» **DIRECTIONS FOR THIS TASK**:
Copy out exactly the stretch of the listing below that begins at the line containing "SAMSUNG DA61-09392A AIR" and ends at the line containing "인동13길-5 이미지", and copy nothing outside it.

Content starts

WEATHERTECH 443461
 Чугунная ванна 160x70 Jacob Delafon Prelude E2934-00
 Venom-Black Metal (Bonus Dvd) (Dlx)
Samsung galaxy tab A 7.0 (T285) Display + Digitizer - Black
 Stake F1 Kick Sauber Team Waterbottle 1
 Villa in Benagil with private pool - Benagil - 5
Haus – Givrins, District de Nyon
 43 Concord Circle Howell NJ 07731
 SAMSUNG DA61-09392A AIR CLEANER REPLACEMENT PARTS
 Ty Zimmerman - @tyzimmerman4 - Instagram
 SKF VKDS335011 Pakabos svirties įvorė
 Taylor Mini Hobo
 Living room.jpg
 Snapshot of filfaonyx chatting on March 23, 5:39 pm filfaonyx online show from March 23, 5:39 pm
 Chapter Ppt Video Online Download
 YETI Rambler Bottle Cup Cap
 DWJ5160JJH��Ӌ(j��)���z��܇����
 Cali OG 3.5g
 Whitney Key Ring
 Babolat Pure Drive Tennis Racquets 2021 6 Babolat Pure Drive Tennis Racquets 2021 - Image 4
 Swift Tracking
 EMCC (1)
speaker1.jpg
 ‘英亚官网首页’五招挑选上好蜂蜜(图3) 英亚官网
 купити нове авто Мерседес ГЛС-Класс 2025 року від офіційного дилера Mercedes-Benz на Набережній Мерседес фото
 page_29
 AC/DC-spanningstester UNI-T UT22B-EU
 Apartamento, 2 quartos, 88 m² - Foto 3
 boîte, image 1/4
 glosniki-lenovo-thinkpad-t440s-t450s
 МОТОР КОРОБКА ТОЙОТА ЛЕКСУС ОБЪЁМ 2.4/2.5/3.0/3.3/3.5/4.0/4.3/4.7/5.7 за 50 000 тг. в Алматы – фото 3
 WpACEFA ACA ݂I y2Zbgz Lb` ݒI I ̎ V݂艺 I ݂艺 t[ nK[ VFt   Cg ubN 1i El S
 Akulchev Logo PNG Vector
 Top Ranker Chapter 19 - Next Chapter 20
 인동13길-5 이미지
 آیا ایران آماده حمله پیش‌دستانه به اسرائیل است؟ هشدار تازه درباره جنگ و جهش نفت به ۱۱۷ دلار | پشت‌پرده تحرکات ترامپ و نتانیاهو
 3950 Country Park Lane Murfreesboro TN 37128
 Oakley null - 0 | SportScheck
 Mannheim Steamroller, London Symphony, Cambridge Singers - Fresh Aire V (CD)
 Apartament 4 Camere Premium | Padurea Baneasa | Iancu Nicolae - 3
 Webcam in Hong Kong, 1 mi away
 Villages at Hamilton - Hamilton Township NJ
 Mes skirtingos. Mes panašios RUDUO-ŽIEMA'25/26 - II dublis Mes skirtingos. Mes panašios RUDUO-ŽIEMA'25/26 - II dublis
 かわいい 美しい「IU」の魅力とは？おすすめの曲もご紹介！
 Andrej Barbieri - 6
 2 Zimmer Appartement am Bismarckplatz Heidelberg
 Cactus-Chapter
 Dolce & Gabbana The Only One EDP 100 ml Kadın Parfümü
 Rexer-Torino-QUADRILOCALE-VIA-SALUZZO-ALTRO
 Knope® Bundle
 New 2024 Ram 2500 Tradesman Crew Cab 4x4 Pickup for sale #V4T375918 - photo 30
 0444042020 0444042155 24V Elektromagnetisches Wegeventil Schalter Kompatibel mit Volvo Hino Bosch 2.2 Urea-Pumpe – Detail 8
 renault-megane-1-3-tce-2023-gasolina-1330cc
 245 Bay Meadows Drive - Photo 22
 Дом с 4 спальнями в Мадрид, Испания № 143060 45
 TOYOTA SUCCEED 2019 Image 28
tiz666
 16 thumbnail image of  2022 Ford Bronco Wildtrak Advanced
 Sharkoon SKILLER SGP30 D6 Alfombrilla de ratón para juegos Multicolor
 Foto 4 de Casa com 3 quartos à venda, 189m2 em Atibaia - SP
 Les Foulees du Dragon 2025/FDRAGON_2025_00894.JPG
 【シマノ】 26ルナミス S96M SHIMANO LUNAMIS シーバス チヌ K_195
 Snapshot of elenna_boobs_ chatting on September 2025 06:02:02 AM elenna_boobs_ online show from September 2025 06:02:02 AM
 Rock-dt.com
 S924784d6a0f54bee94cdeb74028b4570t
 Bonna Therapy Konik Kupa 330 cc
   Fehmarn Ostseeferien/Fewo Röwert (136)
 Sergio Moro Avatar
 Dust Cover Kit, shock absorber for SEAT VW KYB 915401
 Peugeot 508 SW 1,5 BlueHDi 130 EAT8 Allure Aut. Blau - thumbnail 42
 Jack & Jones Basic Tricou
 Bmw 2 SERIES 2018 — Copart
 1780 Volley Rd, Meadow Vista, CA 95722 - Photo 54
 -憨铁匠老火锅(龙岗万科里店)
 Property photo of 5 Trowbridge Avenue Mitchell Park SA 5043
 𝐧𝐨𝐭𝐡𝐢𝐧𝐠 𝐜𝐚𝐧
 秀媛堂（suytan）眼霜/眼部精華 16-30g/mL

Content ends

» **RESPONSE**:
 SAMSUNG DA61-09392A AIR CLEANER REPLACEMENT PARTS
 Ty Zimmerman - @tyzimmerman4 - Instagram
 SKF VKDS335011 Pakabos svirties įvorė
 Taylor Mini Hobo
 Living room.jpg
 Snapshot of filfaonyx chatting on March 23, 5:39 pm filfaonyx online show from March 23, 5:39 pm
 Chapter Ppt Video Online Download
 YETI Rambler Bottle Cup Cap
 DWJ5160JJH��Ӌ(j��)���z��܇����
 Cali OG 3.5g
 Whitney Key Ring
 Babolat Pure Drive Tennis Racquets 2021 6 Babolat Pure Drive Tennis Racquets 2021 - Image 4
 Swift Tracking
 EMCC (1)
speaker1.jpg
 ‘英亚官网首页’五招挑选上好蜂蜜(图3) 英亚官网
 купити нове авто Мерседес ГЛС-Класс 2025 року від офіційного дилера Mercedes-Benz на Набережній Мерседес фото
 page_29
 AC/DC-spanningstester UNI-T UT22B-EU
 Apartamento, 2 quartos, 88 m² - Foto 3
 boîte, image 1/4
 glosniki-lenovo-thinkpad-t440s-t450s
 МОТОР КОРОБКА ТОЙОТА ЛЕКСУС ОБЪЁМ 2.4/2.5/3.0/3.3/3.5/4.0/4.3/4.7/5.7 за 50 000 тг. в Алматы – фото 3
 WpACEFA ACA ݂I y2Zbgz Lb` ݒI I ̎ V݂艺 I ݂艺 t[ nK[ VFt   Cg ubN 1i El S
 Akulchev Logo PNG Vector
 Top Ranker Chapter 19 - Next Chapter 20
 인동13길-5 이미지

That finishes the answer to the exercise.